CAOS NEL PD: BONACCINI SI “SFILA” DAL CONGRESSO?
Stefano Bonaccini da mesi è il “deus ex machina” del possibile futuro post-Congresso in casa Pd: ecco, per capire lo stato attuale della crisi interna al Partito Democratico basta guardare alle ultime dichiarazioni rilasciate dal Governatore dell’Emilia Romagna da cui si capisce bene come i destini verso le Primarie dem sono tutt’altro che “segnati”. «Sono candidato alla Segreteria del Pd? No, ancora no. Ma deciderò in fretta, non è importante essere utili a sé stessi ma alla comunità. Nelle prossime settimane deciderò». L’intervento a “Porta a Porta” di Bonaccini di fatto acuisce le tensioni interne al partito in queste settimane: tra chi vuole sciogliere il partito, chi vuole un avvicinamento al M5s, chi ancora intende modificare appieno il regolamento dello stesso Congresso e ripensare anche lo strumento delle primarie. Se però il candidato n.1 che più di tutti si era costruito l’aurea di “anti-Letta” nei mesi passati, in questo momento sembra ripensare il proprio impegno futuro, certifica che di problemi interni ai Dem non ve ne sono pochi.
«Spero che il governo venga formato prima possibile.
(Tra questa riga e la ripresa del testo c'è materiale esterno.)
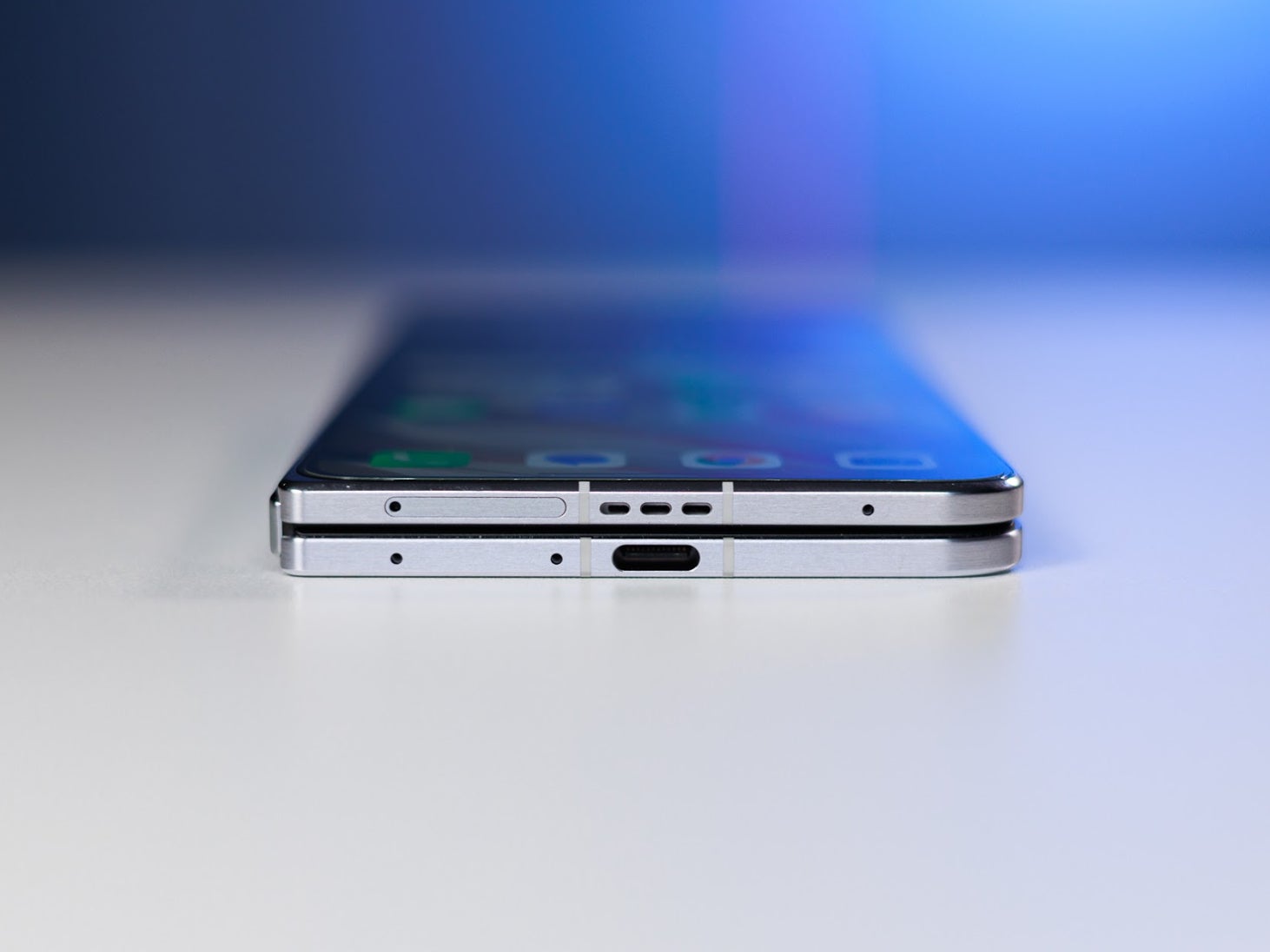 O Oppo Find N5 tem 8,93 mm de espessura quando dobrado. | Crédito da imagem - Phonearena - Samsung Galaxy Z Fold 7 teve minha atenção, mas seu recurso mais emocionante não está acontecendo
Al Pd farà bene stare all’opposizione, perché ha governato tanti anni ma senza vincere le elezioni», ha ribadito il Governatore emiliano sottolineando a più riprese come ai Dem serva sì un nuovo segretario ma in primo luogo «serve un nuovo gruppo dirigente». Sul tema delle “alleanze” future, Bonaccini traccia un solco importante sul criterio da adottare: «prima di dire con chi allearsi, penso che al Pd serva darsi una identità più precisa, questa è sbiadita. Le alleanze arrivano poi di conseguenza. In questo momento che siamo all’opposizione è utile provare a immaginare come essere alternativi a ciò che il governo proporrà, o come dare una mano sulle cose utili al Paese. Ci sono tanti sindaci e tante sindache, tanti amministratori locali che devono diventare l’ossatura del Partito Democratico».
FUTURO PD TRA CONGRESSO, CANDIDATI E “SPAURACCHIO” CONTE
Insomma il futuro del Pd è tutt’altro che “chiarificato”, sebbene il risultato delle Elezioni già abbia provocato due primi elementi certi: Enrico Letta non sarà più il leader del Centrosinistra e il Congresso del Partito Democratico sarà fatto entro marzo 2023. I candidati attualmente certi, con il semi-passo indietro di Bonaccini, si riducono a Paola De Micheli: nomi già circolati e sempre “caldi” restano quelli del Presidente dell’Emilia Romagna, della sua numero 2 Elly Schlein (anche se ancora non iscritta al Pd), il sindaco di Firenze Dario Nardella e anche il nome nuovo dell’ex ministro Enzo Amendola.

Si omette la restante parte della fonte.